**SOURCE INFORMATION**
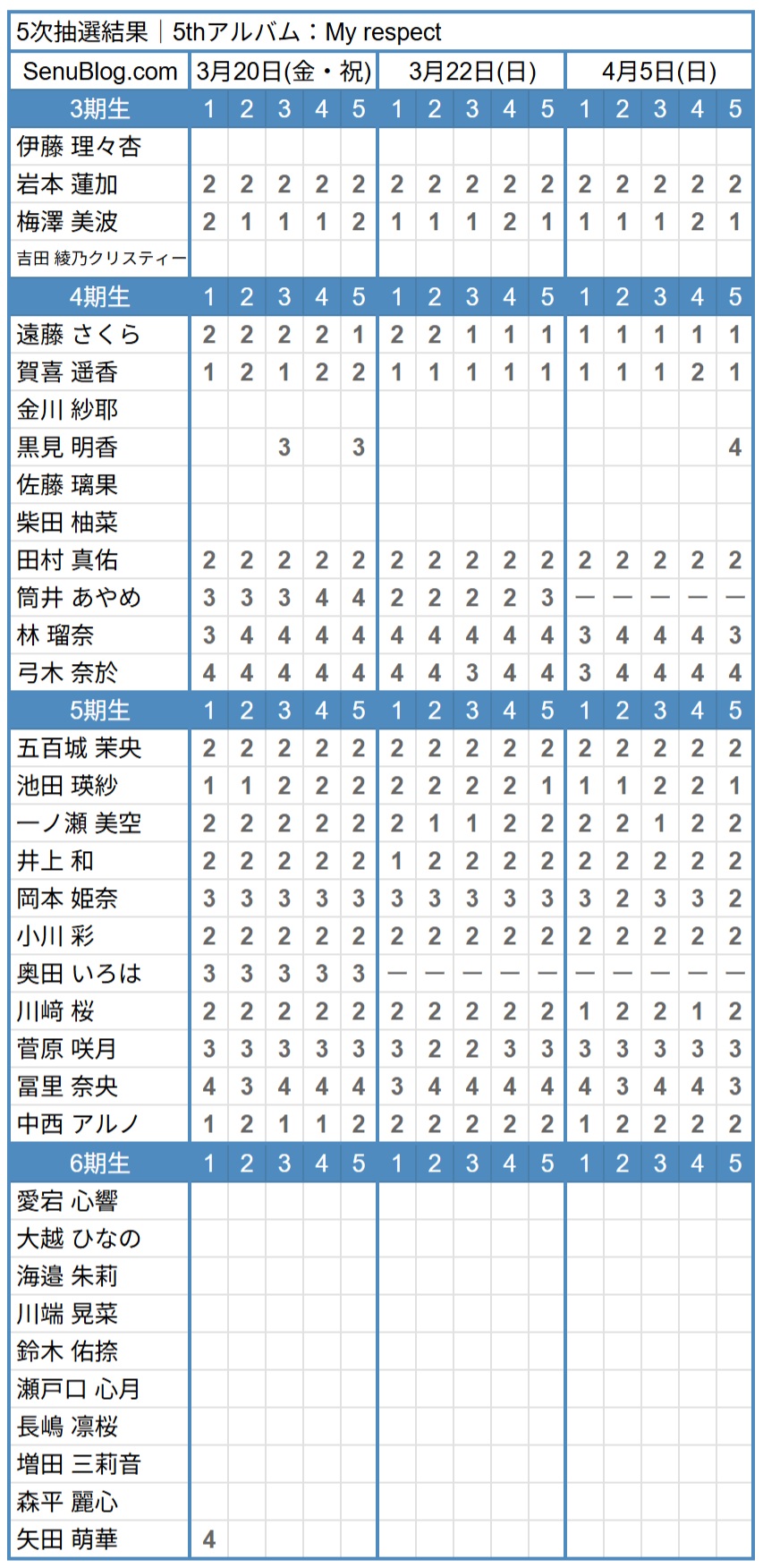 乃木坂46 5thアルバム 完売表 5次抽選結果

==

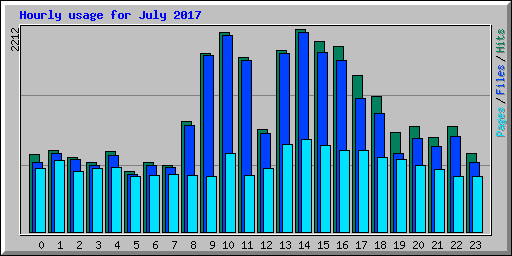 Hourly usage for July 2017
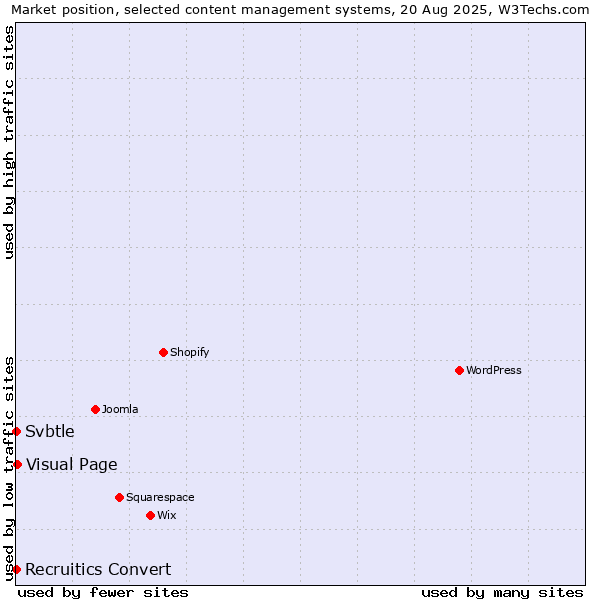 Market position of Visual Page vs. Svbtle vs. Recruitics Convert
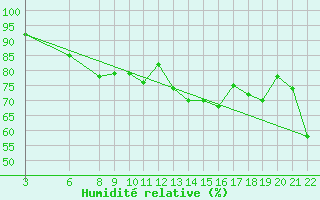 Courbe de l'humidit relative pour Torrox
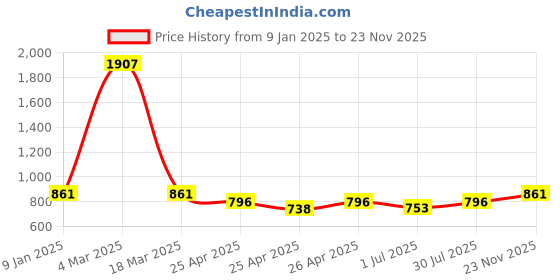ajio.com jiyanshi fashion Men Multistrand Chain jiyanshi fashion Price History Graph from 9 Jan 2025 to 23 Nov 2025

**EXERCISE OBJECTIVE**
Using the data above, output the line that has "Courbe de l'humidit relative pour Torrox", the line that has "ajio.com jiyanshi fashion", and whatever lines fall between, each exactly as it stands and without pictures.

**FINAL ANSWER**
 Courbe de l'humidit relative pour Torrox
ajio.com jiyanshi fashion Men Multistrand Chain jiyanshi fashion Price History Graph from 9 Jan 2025 to 23 Nov 2025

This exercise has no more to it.